I have tried converting the final value to RDD but no luck same error

val newcos = spark.sparkContext.parallelize(tab_c)

1.How to use Cogroup for large datasets ?

2.Can we persist the cogrouped value ?

Code

 val source_primary_key = source.map(rec => (rec.split(",")(0), rec))
source_primary_key.persist(StorageLevel.DISK_ONLY)

val destination_primary_key = destination.map(rec => (rec.split(",")(0), rec))
destination_primary_key.persist(StorageLevel.DISK_ONLY)

val cos = source_primary_key.cogroup(destination_primary_key).repartition(10).collect()

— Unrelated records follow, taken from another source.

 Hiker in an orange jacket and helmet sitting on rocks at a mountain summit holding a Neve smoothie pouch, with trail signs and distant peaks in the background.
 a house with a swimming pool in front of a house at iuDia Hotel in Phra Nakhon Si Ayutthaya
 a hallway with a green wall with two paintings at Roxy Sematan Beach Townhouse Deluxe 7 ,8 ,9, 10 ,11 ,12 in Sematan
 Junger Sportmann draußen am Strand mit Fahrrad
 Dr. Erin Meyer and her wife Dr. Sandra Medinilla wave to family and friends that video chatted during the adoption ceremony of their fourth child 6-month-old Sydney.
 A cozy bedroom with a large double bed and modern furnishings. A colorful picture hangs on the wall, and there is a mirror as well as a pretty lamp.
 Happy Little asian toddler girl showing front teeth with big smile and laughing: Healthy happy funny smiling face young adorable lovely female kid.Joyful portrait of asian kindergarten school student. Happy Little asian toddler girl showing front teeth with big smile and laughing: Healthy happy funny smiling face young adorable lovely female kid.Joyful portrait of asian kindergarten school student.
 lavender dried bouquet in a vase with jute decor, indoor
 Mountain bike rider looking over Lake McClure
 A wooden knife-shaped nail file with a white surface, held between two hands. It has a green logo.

  var srcmis: Array[String] = new Array[String](0)
var destmis: Array[String] = new Array[String](0)

var extrainsrc: Array[String] = new Array[String](0)
var extraindest: Array[String] = new Array[String](0)

var srcs: String = Seq("")(0)
var destt: String = Seq("")(0)

val updated = cos.map { x =>
  {

    val key = x._1
    val value = x._2

    srcs = value._1.mkString(",")
    destt = value._2.mkString(",")

    if (srcs.equalsIgnoreCase(destt) == false && destt != "") {
      srcmis :+= srcs
      destmis :+= destt

    }

    if (srcs == "") {

      extraindest :+= destt.mkString("")
    }

    if (destt == "") {

      extrainsrc :+= srcs.mkString("")
    }

  }

}

Code Updated:

  val tab_c = tab_a.cogroup(tab_b).filter(x => x._2._1 =!= x => x._2._2)
 // tab_c = {1,Compactbuffer(1,john,US),Compactbuffer(1,john,UK)}
      {2,Compactbuffer(2,john,US),Compactbuffer(2,johnson,UK)}..

ERROR:

 ERROR LiveListenerBus: SparkListenerBus has already stopped! Dropping event SparkListenerTaskEnd(4,3,ResultTask,FetchFailed(null,0,-1,27,org.apache.spark.shuffle.MetadataFetchFailedException: Missing an output location for shuffle 0
at org.apache.spark.MapOutputTracker$$anonfun$org$apache$spark$MapOutputTracker$$convertMapStatuses$2.apply(MapOutputTracker.scala:697)
at org.apache.spark.MapOutputTracker$$anonfun$org$apache$spark$MapOutputTracker$$convertMapStatuses$2.apply(MapOutputTracker.scala:693)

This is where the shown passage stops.